I had the privilege of meeting and interviewing Betty in the summer of 2008, some sixty-one years after that fateful morning of January 15, 1947, when as a Liemert Park resident walking her three-year-old daughter to the store, she chanced upon the victim’s body lying in the vacant lot.

  My interview lasted just under an hour. Betty was eighty-eight years old, exceptionally gracious, and her memory of the event remained sharp and clear. The facts, as is always the case, varied somewhat from those publicly reported by the press, which invariably distorts and revises them to fit what they think their readers want to hear.

  This meeting with Betty was very much like my in-person interview with LAPD police officer Myrl McBride, the last witness to see Elizabeth Short alive.

  It was special, like stepping into a time-machine and being whisked back to 1947, as if I was one of the original detectives, taking her statement for the first time.

  Here is Betty’s story just as she tells it. No reporter’s deadline to meet, no spin, just the facts, exactly as they occurred—in her own words.

  The Interview

  “Well, I got up in the morning. I had a daughter, Anne, and Anne was about four then. I put her in her little Taylor Tot, that’s what they called those things we tote the kids around in. It was a little stroller thing. And I started to walk down to Liemert Park, to the business area, and to take a pair of shoes that my husband needed to be resoled.

  Type of “Taylor Tot” stroller that Betty Bersinger used to take her daughter, Anne, to the shoe store.

  It was early in the morning. I don’t know, I assume it was about eight. Somewhere in there. I was walking by…. There’s a vacant lot. I was living on South Norton. I started walking down Norton and came to the vacant lot that hadn’t been developed yet. They had the sidewalks in and the streets but the lot was kind of overgrown with weeds.

  I was just making my way through the clutter down Norton and I happened to look over to my side and I saw this…. It looked like a mannequin. That was the impression I had, “Oh, it’s a mannequin.” It was so white. It didn’t register. I had never seen a dead body before anyhow. “Oh, a mannequin.” It was divided in the middle, it was in two parts. I said, “Oh, dear, that’s kind of strange looking.” I thought, “Well, maybe that will scare the kids as they are coming to school.” Because the kids would be riding their bikes. I thought, “I’d better call and tell somebody to come out and clear that away.” So, that was my thought. I wasn’t thinking about anything other than an old ordinary dumped mannequin.

  Black Dahlia crime scene, January 15, 1947

  “Mannequin-like” body as it appeared to witness Betty Bersinger

  So, I kept going down on Norton to the first house I reached. I don’t recall…. Anyway it was the second house that I went to, where a woman came to the door. I said, “Could I use your telephone? I just want to call the police and let them know that there is some junk up here that ought to be removed.”

  This map shows route taken by Mrs. Betty Bersinger from vacant lot south to private residence of DR. WALTER BAYLEY, where the doctor’s wife allowed her to use the phone to notify police.

  No, I didn’t know it was a body. I had no idea it was a body. I thought it was a mannequin because it was so white.

  So, I called the police, and Sgt. Somebody answered. And I told him my story, and he said, “Where are you calling from?” So, I looked down and gave him the number of the house where I was calling from.

  Then I went on my way and went on down to Liemert Park and got the shoes into the shoe repair place. I took my time coming back. And on my way back, I think I walked up Crenshaw. Yes, that was the next block over.
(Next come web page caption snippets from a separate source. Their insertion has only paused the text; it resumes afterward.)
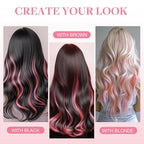 GOO GOO Tape in Hair Extensions Human Hair, Light Pink, 14inch 25g 10pcs, Colored Tape ins Human Hair Extensions, Silky&Soft Invisible Tape Ins, Hair Highlighted for Party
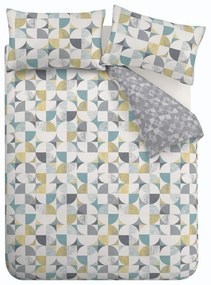 Sivé obliečky na jednolôžko 135x200 cm Retro Circles – Catherine Lansfield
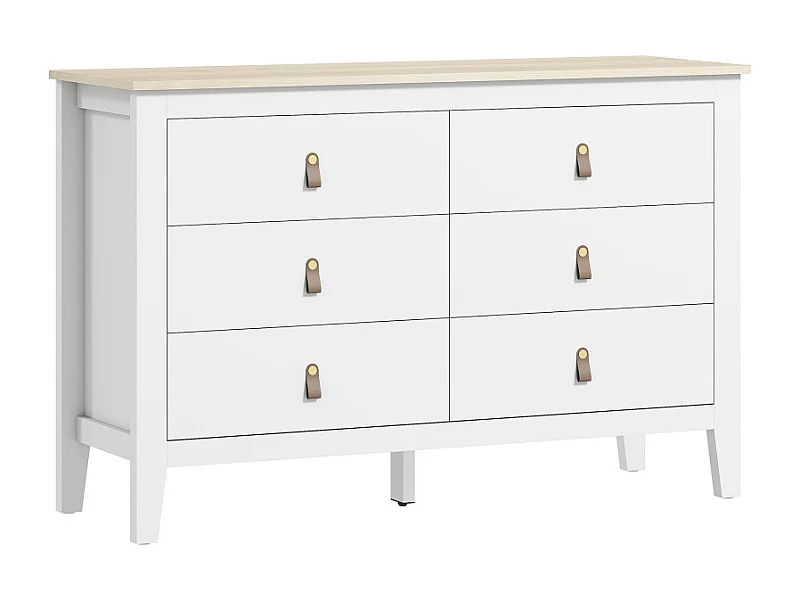 Commode sur pieds 6 tiroirs HUNTER effet bois clair et blanc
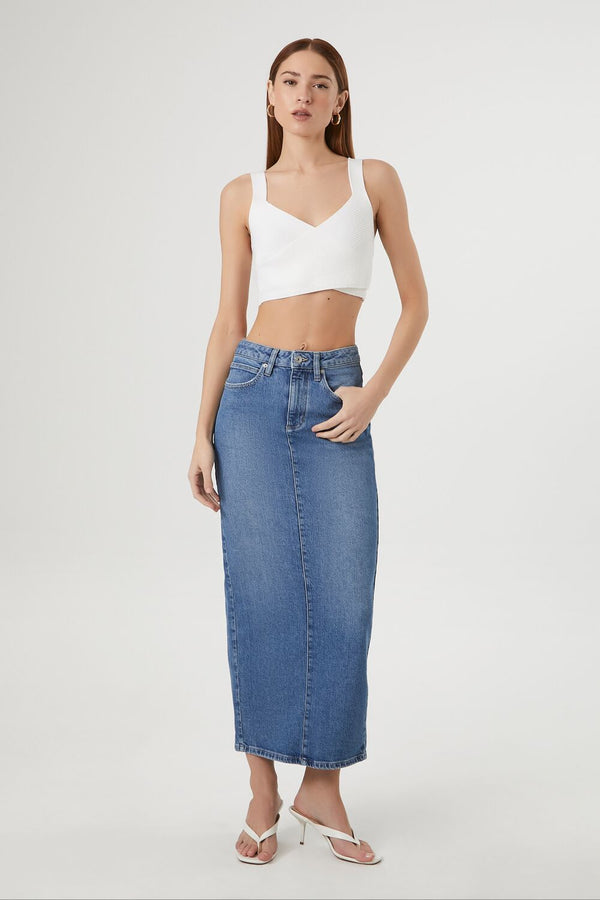 Forever21 Sweater-Knit Crossover Crop Top WHITE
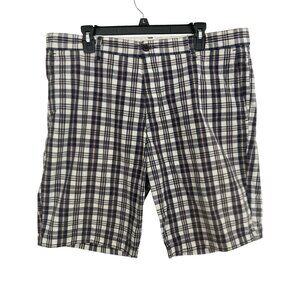 Dockers Mens Black & White Plaid Flat-Front Casual Shorts Size L Cotton Blend
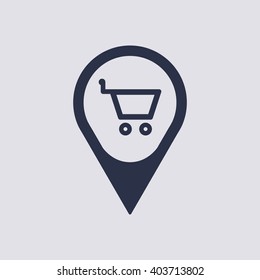 shopping cart  icon, vector illustration. Flat design style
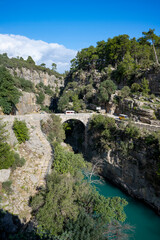 Transparent waters of Kopru River (Köprüçay, ancient Eurymedon) with its emerald green colour in Koprulu Canyon (Köprülü Kanyon) National Park, Antalya, Turkey. It's a rafting paradise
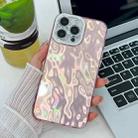 For iPhone 14 Pro Plating Glitter Texture TPU Phone Case with Lens Film(Pink Wrinkles) - 1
  And…I saw all these people around the area where I had seen the mannequin. I just thought must be something going on. I didn’t know what it was. I didn’t really think much about it. I went on home and it was time for my daughter’s lunch and taking a nap. I didn’t pay much attention; this was all before television you know. The only news we had was the papers. If there was anything really exciting, some little newsboy would be running down the street, yelling, “Extra, Extra.”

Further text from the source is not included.